- Problem statement:
Could you transcribe all the entries exactly, omitting the pictures?

Segment Open

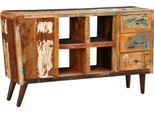 The Living Store Cassettiera In Legno Massiccio 1 Anta 4 Scomparti E 3 Cassetti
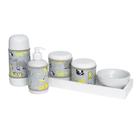 Kit Higiene Slim Branco Garrafa Pequena Capa Safári Quarto Bebê Menina Menino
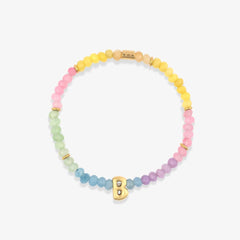 Initial Ombre Stone Bead Stretch Bracelet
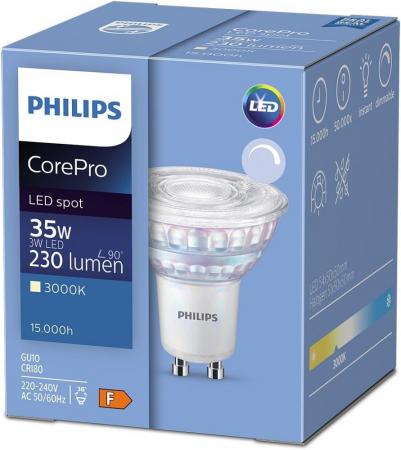 Philips CorePro LED Spot 3W = 35W GU10 3000K Warmweiß 230lm 36° dimmbar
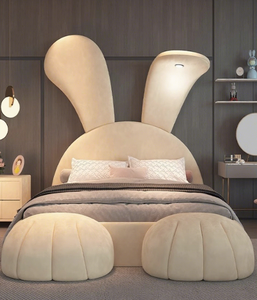 Alta qualità moderna semplice letto matrimoniale principessa forma di coniglietto per bambini ragazzi <span class=keywords><strong>e</strong></span> ragazze con tessuto di coniglio per le camere da letto dei bambini - Product Image 1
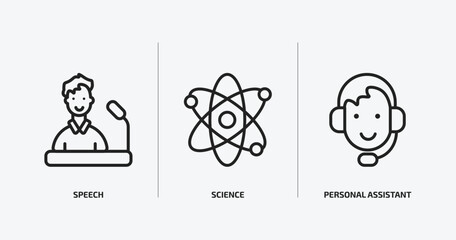 artificial intellegence outline icons set. artificial intellegence icons such as speech, science, personal assistant vector. can be used web and mobile.
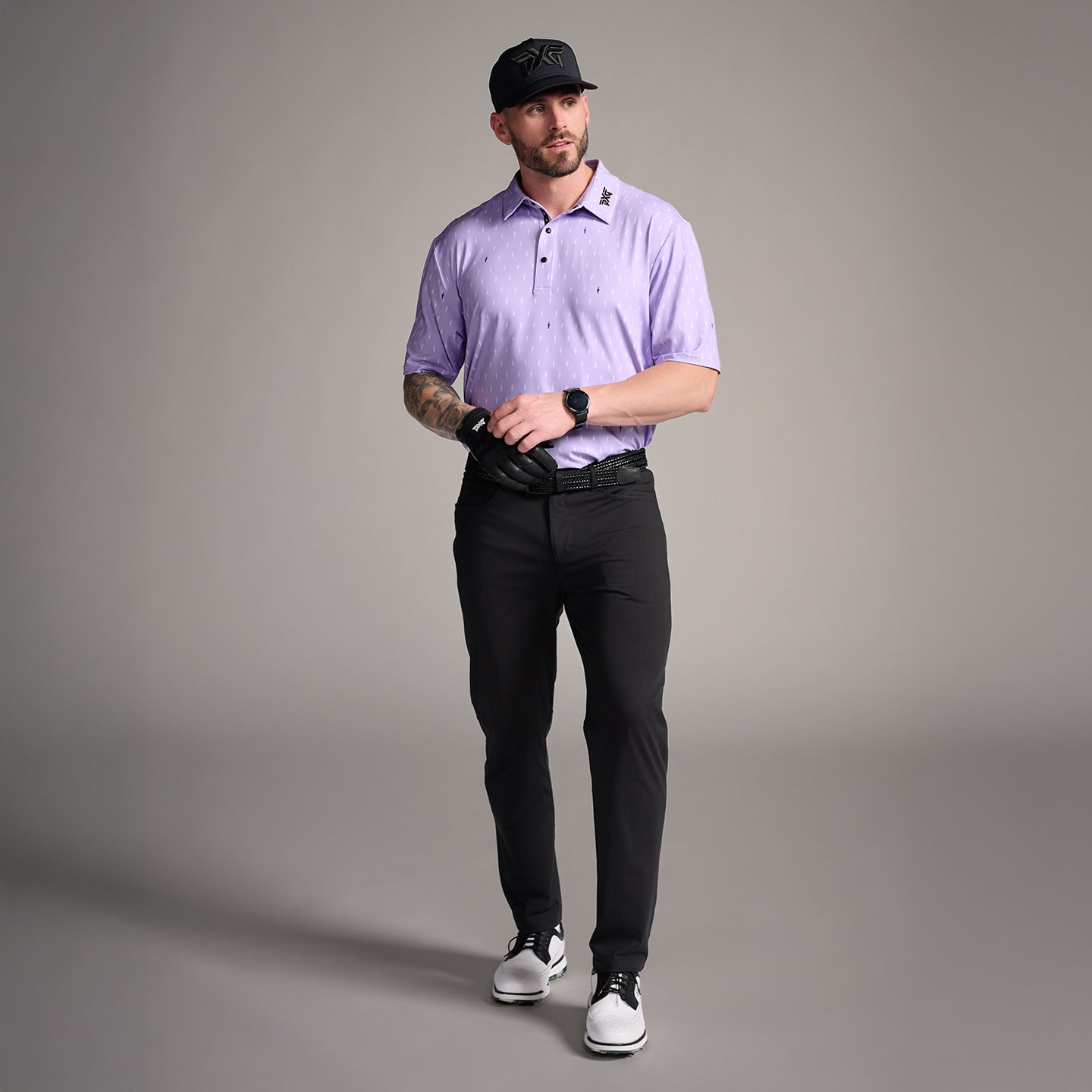Men's Tour Cactus Print Polo in Lavender Mist Comfort Fit, front view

Segment Closed

- Task result:
 The Living Store Cassettiera In Legno Massiccio 1 Anta 4 Scomparti E 3 Cassetti
 Kit Higiene Slim Branco Garrafa Pequena Capa Safári Quarto Bebê Menina Menino
 Initial Ombre Stone Bead Stretch Bracelet
 Philips CorePro LED Spot 3W = 35W GU10 3000K Warmweiß 230lm 36° dimmbar
 Alta qualità moderna semplice letto matrimoniale principessa forma di coniglietto per bambini ragazzi <span class=keywords><strong>e</strong></span> ragazze con tessuto di coniglio per le camere da letto dei bambini - Product Image 1
 artificial intellegence outline icons set. artificial intellegence icons such as speech, science, personal assistant vector. can be used web and mobile.
Men's Tour Cactus Print Polo in Lavender Mist Comfort Fit, front view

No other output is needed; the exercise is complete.